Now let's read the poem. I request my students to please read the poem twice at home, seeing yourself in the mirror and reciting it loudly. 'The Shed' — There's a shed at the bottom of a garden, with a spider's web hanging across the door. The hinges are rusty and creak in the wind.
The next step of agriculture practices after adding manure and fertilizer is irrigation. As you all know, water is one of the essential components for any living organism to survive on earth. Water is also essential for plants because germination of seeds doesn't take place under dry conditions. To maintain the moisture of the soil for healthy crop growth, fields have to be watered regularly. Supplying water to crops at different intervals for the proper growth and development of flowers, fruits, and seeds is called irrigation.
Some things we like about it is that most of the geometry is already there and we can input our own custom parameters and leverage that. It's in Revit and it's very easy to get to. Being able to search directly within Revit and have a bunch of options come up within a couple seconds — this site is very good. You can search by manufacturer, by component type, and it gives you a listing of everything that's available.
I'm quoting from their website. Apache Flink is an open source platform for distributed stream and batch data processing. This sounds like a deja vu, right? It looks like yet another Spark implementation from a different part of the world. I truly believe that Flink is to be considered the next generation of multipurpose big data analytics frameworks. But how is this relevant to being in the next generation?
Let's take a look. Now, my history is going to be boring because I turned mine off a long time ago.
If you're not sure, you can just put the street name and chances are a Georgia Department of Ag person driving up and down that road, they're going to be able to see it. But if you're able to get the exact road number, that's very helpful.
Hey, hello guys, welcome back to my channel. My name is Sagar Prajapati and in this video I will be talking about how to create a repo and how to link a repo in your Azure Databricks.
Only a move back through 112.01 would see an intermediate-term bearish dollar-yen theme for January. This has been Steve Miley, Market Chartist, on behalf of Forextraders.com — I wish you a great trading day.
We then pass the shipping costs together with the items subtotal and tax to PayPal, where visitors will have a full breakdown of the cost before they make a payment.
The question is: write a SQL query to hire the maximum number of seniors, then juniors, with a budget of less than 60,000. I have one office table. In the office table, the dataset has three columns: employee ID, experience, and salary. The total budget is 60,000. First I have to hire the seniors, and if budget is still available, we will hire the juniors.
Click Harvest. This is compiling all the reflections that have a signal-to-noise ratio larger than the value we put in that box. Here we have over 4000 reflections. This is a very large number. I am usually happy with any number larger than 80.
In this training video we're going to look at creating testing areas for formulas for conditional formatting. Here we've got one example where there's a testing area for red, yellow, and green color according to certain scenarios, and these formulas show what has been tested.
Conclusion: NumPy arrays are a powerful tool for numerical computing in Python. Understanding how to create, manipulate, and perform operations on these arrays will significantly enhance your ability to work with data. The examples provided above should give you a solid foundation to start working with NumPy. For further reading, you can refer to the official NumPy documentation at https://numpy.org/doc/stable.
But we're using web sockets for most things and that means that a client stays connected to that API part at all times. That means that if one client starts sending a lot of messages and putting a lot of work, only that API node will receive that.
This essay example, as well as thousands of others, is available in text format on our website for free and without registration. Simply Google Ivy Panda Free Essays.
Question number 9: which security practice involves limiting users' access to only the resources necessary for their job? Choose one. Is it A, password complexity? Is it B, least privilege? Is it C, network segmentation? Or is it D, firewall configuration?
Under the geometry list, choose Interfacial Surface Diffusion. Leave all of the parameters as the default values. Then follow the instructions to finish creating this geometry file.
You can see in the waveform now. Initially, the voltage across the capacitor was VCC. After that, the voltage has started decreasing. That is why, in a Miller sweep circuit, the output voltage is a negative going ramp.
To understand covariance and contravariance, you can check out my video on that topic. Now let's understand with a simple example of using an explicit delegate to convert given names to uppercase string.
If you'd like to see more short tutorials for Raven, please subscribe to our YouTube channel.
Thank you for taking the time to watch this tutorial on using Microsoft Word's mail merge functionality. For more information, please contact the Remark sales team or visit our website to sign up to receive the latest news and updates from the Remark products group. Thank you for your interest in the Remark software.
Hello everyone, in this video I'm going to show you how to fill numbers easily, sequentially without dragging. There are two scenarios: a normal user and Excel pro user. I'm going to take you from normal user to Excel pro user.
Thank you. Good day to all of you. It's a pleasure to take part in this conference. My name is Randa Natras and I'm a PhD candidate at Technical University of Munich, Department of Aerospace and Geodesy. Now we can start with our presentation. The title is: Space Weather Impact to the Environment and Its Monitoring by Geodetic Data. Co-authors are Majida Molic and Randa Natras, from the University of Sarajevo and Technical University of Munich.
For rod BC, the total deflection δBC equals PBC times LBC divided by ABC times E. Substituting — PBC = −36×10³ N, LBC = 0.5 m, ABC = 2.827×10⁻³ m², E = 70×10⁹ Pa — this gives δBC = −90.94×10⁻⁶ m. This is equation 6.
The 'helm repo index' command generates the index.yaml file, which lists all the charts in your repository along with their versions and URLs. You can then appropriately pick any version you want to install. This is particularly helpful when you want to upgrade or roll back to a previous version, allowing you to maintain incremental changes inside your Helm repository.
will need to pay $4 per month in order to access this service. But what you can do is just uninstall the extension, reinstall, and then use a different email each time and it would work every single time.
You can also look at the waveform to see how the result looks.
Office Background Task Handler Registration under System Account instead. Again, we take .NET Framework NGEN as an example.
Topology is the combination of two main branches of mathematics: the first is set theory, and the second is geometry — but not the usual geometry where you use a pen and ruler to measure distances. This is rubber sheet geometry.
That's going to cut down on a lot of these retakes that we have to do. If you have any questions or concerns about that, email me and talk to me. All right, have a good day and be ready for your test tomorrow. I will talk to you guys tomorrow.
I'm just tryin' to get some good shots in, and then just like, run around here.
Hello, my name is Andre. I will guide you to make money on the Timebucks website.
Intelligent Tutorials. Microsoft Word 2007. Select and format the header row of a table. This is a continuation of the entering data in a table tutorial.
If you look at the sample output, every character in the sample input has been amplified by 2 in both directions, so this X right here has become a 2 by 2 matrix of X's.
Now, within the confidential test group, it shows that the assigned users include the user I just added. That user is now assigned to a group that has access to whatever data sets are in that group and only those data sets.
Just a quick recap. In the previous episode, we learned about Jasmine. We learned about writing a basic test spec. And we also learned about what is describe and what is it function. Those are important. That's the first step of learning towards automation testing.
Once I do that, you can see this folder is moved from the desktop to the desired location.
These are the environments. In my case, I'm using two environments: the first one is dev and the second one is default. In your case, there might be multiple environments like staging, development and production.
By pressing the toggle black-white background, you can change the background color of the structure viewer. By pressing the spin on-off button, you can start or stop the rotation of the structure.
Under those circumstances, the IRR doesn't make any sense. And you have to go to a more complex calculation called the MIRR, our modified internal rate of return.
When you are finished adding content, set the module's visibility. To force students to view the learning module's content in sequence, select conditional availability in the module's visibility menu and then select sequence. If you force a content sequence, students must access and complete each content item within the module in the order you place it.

▬▬▬

**What is needed**:
Write the listing out again, word for word, in its entirety.

**Problem solution**:
Now let's read the poem. I request my students to please read the poem twice at home, seeing yourself in the mirror and reciting it loudly. 'The Shed' — There's a shed at the bottom of a garden, with a spider's web hanging across the door. The hinges are rusty and creak in the wind.
The next step of agriculture practices after adding manure and fertilizer is irrigation. As you all know, water is one of the essential components for any living organism to survive on earth. Water is also essential for plants because germination of seeds doesn't take place under dry conditions. To maintain the moisture of the soil for healthy crop growth, fields have to be watered regularly. Supplying water to crops at different intervals for the proper growth and development of flowers, fruits, and seeds is called irrigation.
Some things we like about it is that most of the geometry is already there and we can input our own custom parameters and leverage that. It's in Revit and it's very easy to get to. Being able to search directly within Revit and have a bunch of options come up within a couple seconds — this site is very good. You can search by manufacturer, by component type, and it gives you a listing of everything that's available.
I'm quoting from their website. Apache Flink is an open source platform for distributed stream and batch data processing. This sounds like a deja vu, right? It looks like yet another Spark implementation from a different part of the world. I truly believe that Flink is to be considered the next generation of multipurpose big data analytics frameworks. But how is this relevant to being in the next generation?
Let's take a look. Now, my history is going to be boring because I turned mine off a long time ago.
If you're not sure, you can just put the street name and chances are a Georgia Department of Ag person driving up and down that road, they're going to be able to see it. But if you're able to get the exact road number, that's very helpful.
Hey, hello guys, welcome back to my channel. My name is Sagar Prajapati and in this video I will be talking about how to create a repo and how to link a repo in your Azure Databricks.
Only a move back through 112.01 would see an intermediate-term bearish dollar-yen theme for January. This has been Steve Miley, Market Chartist, on behalf of Forextraders.com — I wish you a great trading day.
We then pass the shipping costs together with the items subtotal and tax to PayPal, where visitors will have a full breakdown of the cost before they make a payment.
The question is: write a SQL query to hire the maximum number of seniors, then juniors, with a budget of less than 60,000. I have one office table. In the office table, the dataset has three columns: employee ID, experience, and salary. The total budget is 60,000. First I have to hire the seniors, and if budget is still available, we will hire the juniors.
Click Harvest. This is compiling all the reflections that have a signal-to-noise ratio larger than the value we put in that box. Here we have over 4000 reflections. This is a very large number. I am usually happy with any number larger than 80.
In this training video we're going to look at creating testing areas for formulas for conditional formatting. Here we've got one example where there's a testing area for red, yellow, and green color according to certain scenarios, and these formulas show what has been tested.
Conclusion: NumPy arrays are a powerful tool for numerical computing in Python. Understanding how to create, manipulate, and perform operations on these arrays will significantly enhance your ability to work with data. The examples provided above should give you a solid foundation to start working with NumPy. For further reading, you can refer to the official NumPy documentation at https://numpy.org/doc/stable.
But we're using web sockets for most things and that means that a client stays connected to that API part at all times. That means that if one client starts sending a lot of messages and putting a lot of work, only that API node will receive that.
This essay example, as well as thousands of others, is available in text format on our website for free and without registration. Simply Google Ivy Panda Free Essays.
Question number 9: which security practice involves limiting users' access to only the resources necessary for their job? Choose one. Is it A, password complexity? Is it B, least privilege? Is it C, network segmentation? Or is it D, firewall configuration?
Under the geometry list, choose Interfacial Surface Diffusion. Leave all of the parameters as the default values. Then follow the instructions to finish creating this geometry file.
You can see in the waveform now. Initially, the voltage across the capacitor was VCC. After that, the voltage has started decreasing. That is why, in a Miller sweep circuit, the output voltage is a negative going ramp.
To understand covariance and contravariance, you can check out my video on that topic. Now let's understand with a simple example of using an explicit delegate to convert given names to uppercase string.
If you'd like to see more short tutorials for Raven, please subscribe to our YouTube channel.
Thank you for taking the time to watch this tutorial on using Microsoft Word's mail merge functionality. For more information, please contact the Remark sales team or visit our website to sign up to receive the latest news and updates from the Remark products group. Thank you for your interest in the Remark software.
Hello everyone, in this video I'm going to show you how to fill numbers easily, sequentially without dragging. There are two scenarios: a normal user and Excel pro user. I'm going to take you from normal user to Excel pro user.
Thank you. Good day to all of you. It's a pleasure to take part in this conference. My name is Randa Natras and I'm a PhD candidate at Technical University of Munich, Department of Aerospace and Geodesy. Now we can start with our presentation. The title is: Space Weather Impact to the Environment and Its Monitoring by Geodetic Data. Co-authors are Majida Molic and Randa Natras, from the University of Sarajevo and Technical University of Munich.
For rod BC, the total deflection δBC equals PBC times LBC divided by ABC times E. Substituting — PBC = −36×10³ N, LBC = 0.5 m, ABC = 2.827×10⁻³ m², E = 70×10⁹ Pa — this gives δBC = −90.94×10⁻⁶ m. This is equation 6.
The 'helm repo index' command generates the index.yaml file, which lists all the charts in your repository along with their versions and URLs. You can then appropriately pick any version you want to install. This is particularly helpful when you want to upgrade or roll back to a previous version, allowing you to maintain incremental changes inside your Helm repository.
will need to pay $4 per month in order to access this service. But what you can do is just uninstall the extension, reinstall, and then use a different email each time and it would work every single time.
You can also look at the waveform to see how the result looks.
Office Background Task Handler Registration under System Account instead. Again, we take .NET Framework NGEN as an example.
Topology is the combination of two main branches of mathematics: the first is set theory, and the second is geometry — but not the usual geometry where you use a pen and ruler to measure distances. This is rubber sheet geometry.
That's going to cut down on a lot of these retakes that we have to do. If you have any questions or concerns about that, email me and talk to me. All right, have a good day and be ready for your test tomorrow. I will talk to you guys tomorrow.
I'm just tryin' to get some good shots in, and then just like, run around here.
Hello, my name is Andre. I will guide you to make money on the Timebucks website.
Intelligent Tutorials. Microsoft Word 2007. Select and format the header row of a table. This is a continuation of the entering data in a table tutorial.
If you look at the sample output, every character in the sample input has been amplified by 2 in both directions, so this X right here has become a 2 by 2 matrix of X's.
Now, within the confidential test group, it shows that the assigned users include the user I just added. That user is now assigned to a group that has access to whatever data sets are in that group and only those data sets.
Just a quick recap. In the previous episode, we learned about Jasmine. We learned about writing a basic test spec. And we also learned about what is describe and what is it function. Those are important. That's the first step of learning towards automation testing.
Once I do that, you can see this folder is moved from the desktop to the desired location.
These are the environments. In my case, I'm using two environments: the first one is dev and the second one is default. In your case, there might be multiple environments like staging, development and production.
By pressing the toggle black-white background, you can change the background color of the structure viewer. By pressing the spin on-off button, you can start or stop the rotation of the structure.
Under those circumstances, the IRR doesn't make any sense. And you have to go to a more complex calculation called the MIRR, our modified internal rate of return.
When you are finished adding content, set the module's visibility. To force students to view the learning module's content in sequence, select conditional availability in the module's visibility menu and then select sequence. If you force a content sequence, students must access and complete each content item within the module in the order you place it.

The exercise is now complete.